L’incontro è stato caratterizzato dall’assenza completa di dialogo e confronto. Non una parola su tutta la pubblicistica in merito alla crisi della famiglia o al diritto del bambino ad avere un padre e una madre. Non un cenno - né da parte della Serughetti, né da parte della Martini - delle posizioni critiche espresse da molti. Non un cenno alle centinaia di migliaia di persone, specialmente in Francia e in Italia, che hanno più di una riserva proprio su questi temi (Manif pour tous, Sentinelle in piedi). Non un cenno agli omosessuali (uomini e donne) contrari alle nozze gay - ad esempio i centinaia di aderenti a HomoVox. Non una parola sul fatto che il dissenso provenga anche da persone lontane dalla fede o di un’altra credenza (musulmani francesi). Non una parola circa il dissenso politico, che riguarda esponenti sia di destra che di sinistra. Non una parola sulle posizioni della stampa locale nel merito: a parte Vita Nuova, che già si era espressa in abbondanza, le relatrici non hanno citato né Il Piccolo - che ha posizioni diametralmente opposte al quotidiano della Diocesi - né alcun altro periodico triestino o friulano.
Che dire?
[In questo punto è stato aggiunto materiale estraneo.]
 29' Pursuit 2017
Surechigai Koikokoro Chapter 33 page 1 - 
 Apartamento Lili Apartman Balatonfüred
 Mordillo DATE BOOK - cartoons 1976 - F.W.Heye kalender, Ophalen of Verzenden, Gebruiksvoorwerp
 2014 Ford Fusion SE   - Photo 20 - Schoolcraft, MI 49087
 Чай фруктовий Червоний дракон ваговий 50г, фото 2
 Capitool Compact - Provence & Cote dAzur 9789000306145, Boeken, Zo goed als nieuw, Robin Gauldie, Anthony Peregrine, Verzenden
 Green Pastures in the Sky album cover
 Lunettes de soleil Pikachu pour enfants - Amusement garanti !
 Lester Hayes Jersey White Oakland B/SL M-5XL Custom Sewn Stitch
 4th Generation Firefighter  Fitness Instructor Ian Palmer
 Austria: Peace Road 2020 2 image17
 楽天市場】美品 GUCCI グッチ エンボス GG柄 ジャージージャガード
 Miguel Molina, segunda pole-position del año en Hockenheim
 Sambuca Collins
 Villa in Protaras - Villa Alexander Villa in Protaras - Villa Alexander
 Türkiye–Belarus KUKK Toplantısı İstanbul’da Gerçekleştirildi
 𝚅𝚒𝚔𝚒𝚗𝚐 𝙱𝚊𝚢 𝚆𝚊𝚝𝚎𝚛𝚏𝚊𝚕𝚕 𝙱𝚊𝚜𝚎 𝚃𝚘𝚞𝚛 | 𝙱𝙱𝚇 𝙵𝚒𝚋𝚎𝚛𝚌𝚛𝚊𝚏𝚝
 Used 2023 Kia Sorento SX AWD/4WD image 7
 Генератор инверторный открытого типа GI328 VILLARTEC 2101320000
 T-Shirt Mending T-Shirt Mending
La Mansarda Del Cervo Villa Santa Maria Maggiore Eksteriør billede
Una cosa certamente spiacevole è che questi corsi sono obbligatori. La seconda è che non rispettano minimamente l’abc della deontologia giornalistica che pure vorrebbero insegnare: aderenza ai fatti e garanzia del contraddittorio. La terza è che, purtroppo, i giornalisti che vi partecipano bevono senza protestare. Tranne i giornalisti di Vita Nuova.